Zartosht Bahram e Pazhdo (زردشت بهرام پژدو), was a significant Persian Zoroastrian poet and the son of Bahram-e-Pazhdo. He was born in the early or mid 13th century. He is the eponymous author of the Zarātoštnāma, although the work may have been written earlier by a figure named Kaykāvūs ibn Kaykhosrow.

== Life ==
Zartosht was born somewhere during the Khwarzmian Shah era and witnessed the Mongol invasion of Persia first hand. That he witnessed the Mongol era is shown by the laments over the Mongol destruction in his work the Ardaviraf Nama. He finished his Zaratusht-nama in 1278 A.D. Thus from the available sources, Zartosht Bahram was born in mid or early 13th century and was alive in the late 13th century. In the British manuscript of Zaratusht-nama held in the British museum, his birthplace has been mentioned as the city of Rayy in Persia which is now a suburb of modern Tehran in Persia. On the other hand, the Persian scholar Mohammad-Taqi Bahar has mentions the Zartosht Bahram e Pazhdo's preface in his Ardavarifnama: My name is Zartosht, my father's name is Bahram the son of Pazhdo, .. we are from the people of khwaf in the area of Bizhan Abad which was built during the time of KeyKhusraw. Thus the poets ancestors came from Khwaf in Khorasan and he must have settled in Shahr-i-Rayy, which is now a suburb of modern Tehran.

== Work ==
Two of the monumental works of Zartosht Bahram is the Zaratusht-nama (The book of Zoroaster) and the Ardiviraf-Nama (The book of Ardaviraf). Both books are composed in poetic verse.

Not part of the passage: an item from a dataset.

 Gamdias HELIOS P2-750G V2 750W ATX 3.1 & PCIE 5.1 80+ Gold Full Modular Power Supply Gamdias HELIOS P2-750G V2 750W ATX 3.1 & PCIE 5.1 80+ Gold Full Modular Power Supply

===Zaratusht-nama (The book of Zoroaster)===

In the intro of this epic composed of poetry, Zaratusht Bahram writes: "I saw a work in Pahlavi (Middle Persian) letters that was in the possession of the Mobed of Mobedan (high priest of Zoroastrianism). In this book, the fate of the world, the lore of ancients, the interpretation of the Avesta, and the story of the birth of Zoroaster was written. There were not many people who had access to this important work, and the Mobed told me that since not many know this alphabet, it is important that you versify this work into (Modern) Persian poetry, so that many people may benefit from it and the pure religion may bestow its favor upon them. I became happy at the words of the Mobed and followed his command with a heart and soul full of happiness, and I felt asleep then (that night). The angel Sorush told me in a dream, when you become awake, versify the story of Zoroaster and make the soul of the prophet happy.I felt a little bit scared when I woke up, and sleep did not come to me. When dawn came, I went to the priest and asked him to tell the story. He recounted the story, and after I heard it from him, I proceeded in versifying it."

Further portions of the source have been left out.